I was playing around, definitely not harassing you.... love your collection and if the shipping wasn't $1500 I would probably make an offer.. so if I offered $4000 cash and picked them up would you entertain the offer? .... Keith ?


----------



## MCLSOUND (Oct 21, 2011)

make sure you get some good pics Kieth as they are not perfect


----------



## Doc ProMos (Jul 1, 2012)

At close to $500 each they would need to be in very good condition....I picked up 3 in the original boxes and in perfect condition for about $425 each with shipping....


----------



## OLDSCHOOLAUDIONUT (Jan 26, 2012)

Doc ProMos said:


> I was playing around, definitely not harassing you.... love your collection and if the shipping wasn't $1500 I would probably make an offer.. so if I offered $4000 cash and picked them up would you entertain the offer? .... Keith ?
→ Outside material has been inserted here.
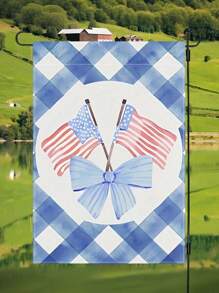 1pc Patriotic American Flag Garden Flag - Red White And Blue Design, Suitable For Independence Day July 4th, Double-Sided Thick Waterproof Outdoor Decoration, 12x18 Inches, Linen Material, Very Suitable For Porch, Yard, Courtyard And Backyard Decor | Holiday Flag Design | Waterproof Flag, Outdoor Garden Flag | Independence Day Decoration, Excluding Flagpole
LOL The shipping is not 1500.00.I was asking 6500.00 O.B.O. for the whole set.
I know you guys think i'm nuts which is fine but by the time feebay,paypal,and fully insured shipping cuts that number down some...When I tried to list this package on here before it was removed due to no serial # photo's of each individual thing,and a few other problems I guess.Anyways FeeBay is easier to list,and advertise for someone who has big pockets or wants to buy a complete retro set up.Like the mini truck idea 

Glad you Found some great finds and steals!

Thank You Doc


----------



## OLDSCHOOLAUDIONUT (Jan 26, 2012)

MCLSOUND said:


> make sure you get some good pics Kieth as they are not perfect


Who said Perfect about any of my equipment MCLSOUND?The Pro Mos 450's are near mint and seals intact.All of the processors are Like new with seals intact and maybe a few in the box?I'm not sure how many seals are on the 2300's but the are not advertised as N.I.B. ....I'll send pics from all angles or whatever They want if someone is serious but my equipment is as advertised.

Thanks for the input


----------



## MCLSOUND (Oct 21, 2011)

I still have all the pics you sent me is all...I am sure Keith will appreciate it as he is a fair man...I am not trying to start anything,just that I remember our talks.


----------